Chapter 7.  Pipeline and Data Products Description

Table of Contents

7.1. Data to be Passed on to the User
7.2. Additional Observatory Meta Data
7.3. Example HIFI data products
7.3.1. Level 0 products
7.3.2. Level 1 products
7.4. Pipeline Processing
7.4.1. WBS Pipeline Processing Steps
7.4.2. HRS Pipeline Processing Steps
7.5. Deconvolution Processing of Spectral Scan Data
7.5.1. Solving the Deconvolution Problem

7.1. Data to be Passed on to the User

All Herschel instrument data processing pipelines are designed to provide processing up to the point of instrument artifact removal (level-1). Immediately available as products from the Herschel pipelines for users are level-0 (raw) and level-1 data (processed). All data production and handling is done within the Herschel Common Science System (HCSS) environment. Further processing of data is possible via the Data Processing component of the HCSS or via export to other software systems by the user.
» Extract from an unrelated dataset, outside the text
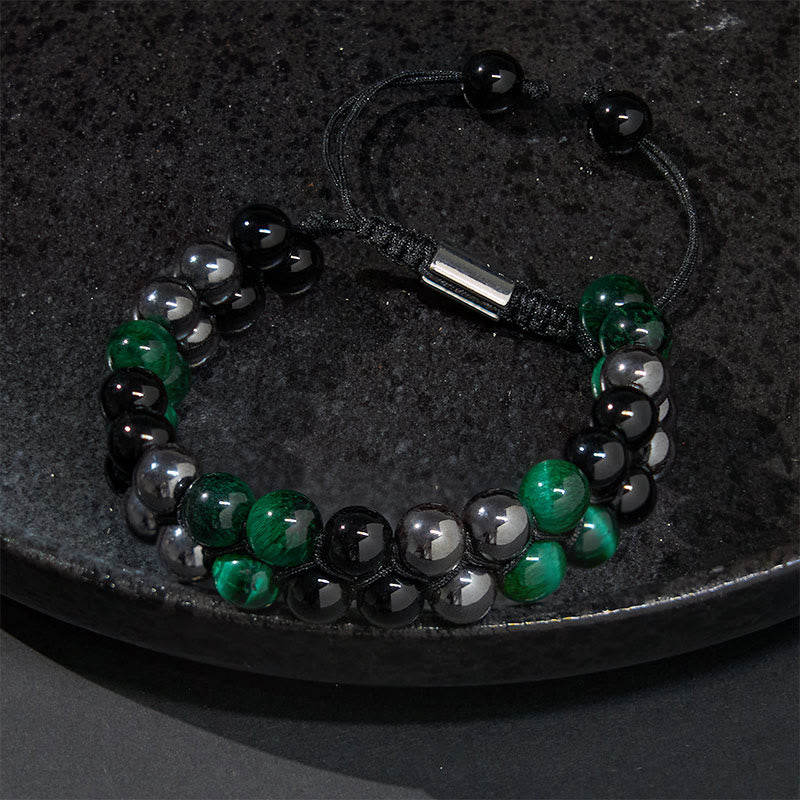 Bracelet de perles positives à double rangée en obsidienne noire et magnétite noire, Buddha Stones de tigre vert naturel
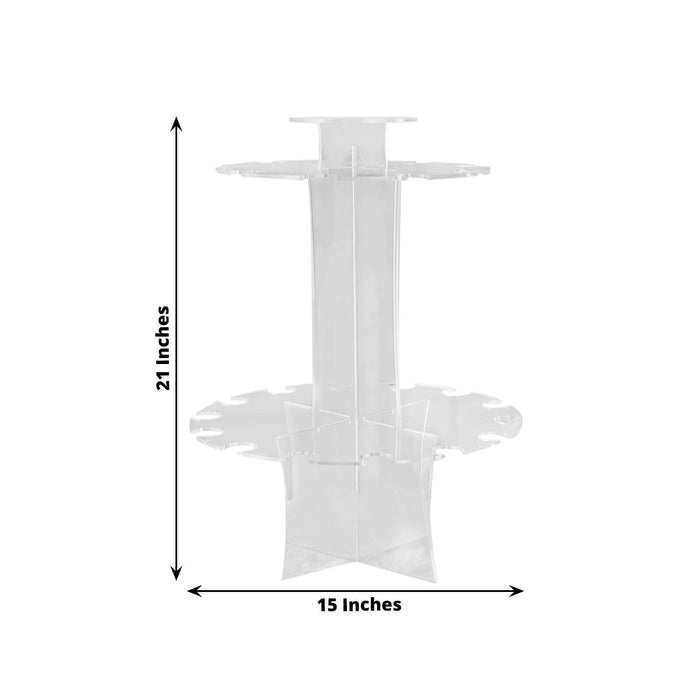 Clear acrylic display stand, 21 inches tall and 15 inches wide.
Level-0 data: Raw telemetry data as measured by the instrument, minimally manipulated and put into the mission data base/archive, often sorted and corrected for small errors. Typically, readings are in binary units versus detector pixel number.

Level-1 data: Detector readouts calibrated and converted to physical units, as much as possible instrument and observatory independent. In principle level-1 data processing can be done without human intervention. For HIFI these are individual spectral scans with detector readings as fluxes versus wavelength. Telescope pointings are given in RA and DEC; the conversion from satellite pointing data to RA and DEC is provided by ESA.

It should be noted that the user can run all the HIFI data pipelines interactively or in batch mode from his/her own local computer system using the HCSS. This means that data reprocessing can be done by the astronomer rather than needing to be requested from the Herschel Science Centre.